U.S. Mathematician Becomes First Woman to Win Prestigious Abel Prize

Prestigious Abel Prize

Karen Uhlenbeck was awarded the Abel Prize for Mathematics for 2019, becoming the first woman ever to win this prestigious honour. According to the website, she was bestowed with the honour “for her pioneering achievements in geometric partial differential equations, gauge theory and integrable systems, and for the fundamental impact of her work on analysis, geometry and mathematical physics.”

Born in 1942 in Cleveland, Ohio, Uhlenbeck was the eldest of four children. Her love for the subject of mathematics began only after she had started off with university. She graduated from the University of Michigan and completed her PhD from Brandeis University. In her career, she has taught at multiple universities including MIT, University of Illinois, University of Texas, and the University of Urbana-Champaign.

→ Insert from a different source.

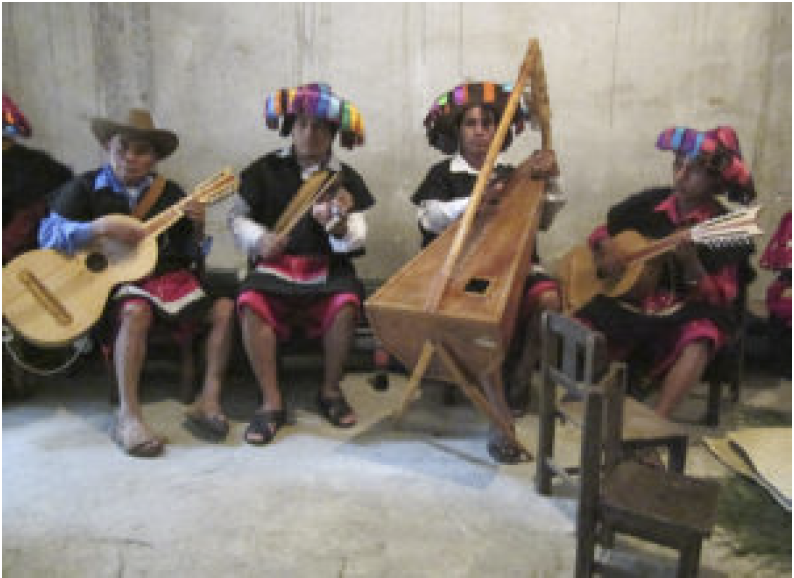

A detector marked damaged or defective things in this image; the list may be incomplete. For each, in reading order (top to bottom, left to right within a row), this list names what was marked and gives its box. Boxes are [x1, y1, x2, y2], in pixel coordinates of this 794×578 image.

cracked concrete wall [3, 1, 788, 296]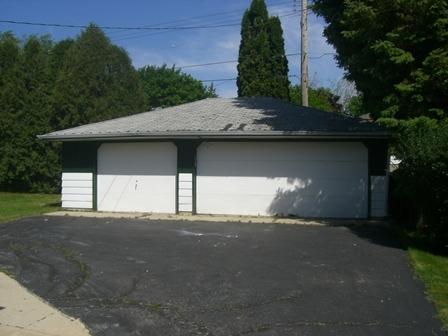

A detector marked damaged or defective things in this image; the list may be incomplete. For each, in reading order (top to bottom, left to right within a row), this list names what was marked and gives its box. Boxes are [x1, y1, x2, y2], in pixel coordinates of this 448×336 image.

cracked asphalt [0, 217, 442, 334]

She is widely considered the founder of modern Geometric Analysis and her work has led to some of the most profound advances in mathematics in the last four decades. Her major contributions include foundational results on minimal surfaces and harmonic maps, integrable systems, and Yang-Mills theory. Her most notable work is on gauge theories.

Apart from being a mathematician of international repute, she is also a staunch proponent of greater gender diversity in science and mathematics.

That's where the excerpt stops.